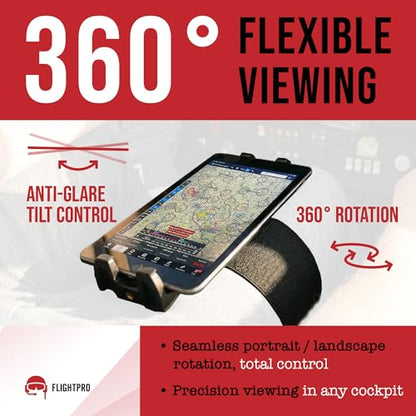 ProAviator Pilot Kneeboard for iPad & Phone (5-13"), 360° Rotating Aviation Mount with Adjustable Tilt, Fits iPad Pro, Air, Mini & Galaxy Tab - color: Kneeboard Strap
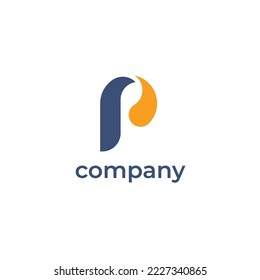 Letra inicial Logotipo naranja P. Elementos de plantilla de diseño de logotipos de vectores planos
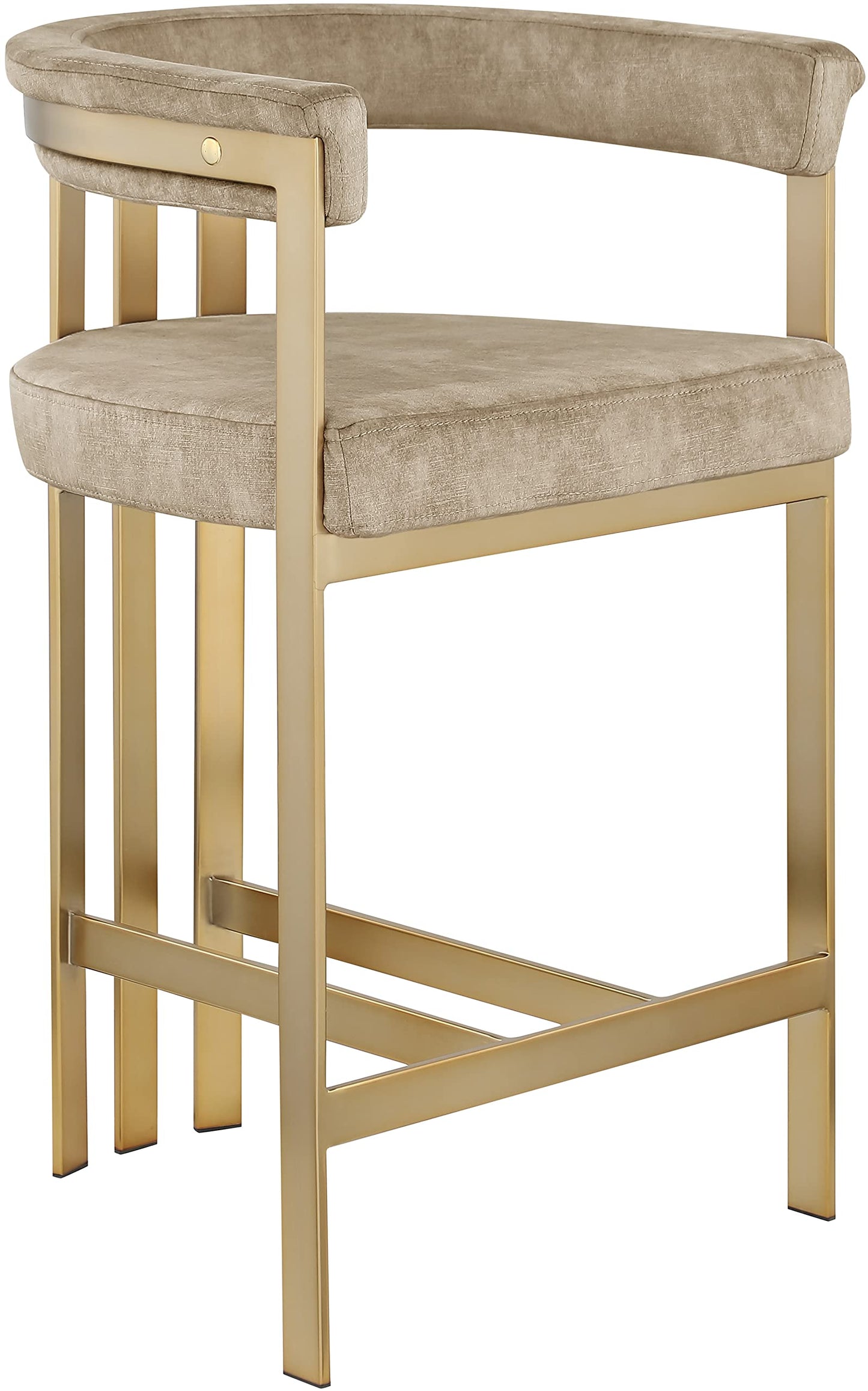 Meridian Furniture 596Beige-C Marcello Collection Modern | Contemporary Velvet Upholstered Counter Height Stool with Brushed Brass Iron Frame, 22.5" W x 20" D x 35.5" H, Beige, Set of 2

PROBLEM DETAILS ▸ Please restate the whole listing exactly, without any of its pictures.

ANSWER TO THE PROBLEM ▸
 ProAviator Pilot Kneeboard for iPad & Phone (5-13"), 360° Rotating Aviation Mount with Adjustable Tilt, Fits iPad Pro, Air, Mini & Galaxy Tab - color: Kneeboard Strap
 Letra inicial Logotipo naranja P. Elementos de plantilla de diseño de logotipos de vectores planos
 Meridian Furniture 596Beige-C Marcello Collection Modern | Contemporary Velvet Upholstered Counter Height Stool with Brushed Brass Iron Frame, 22.5" W x 20" D x 35.5" H, Beige, Set of 2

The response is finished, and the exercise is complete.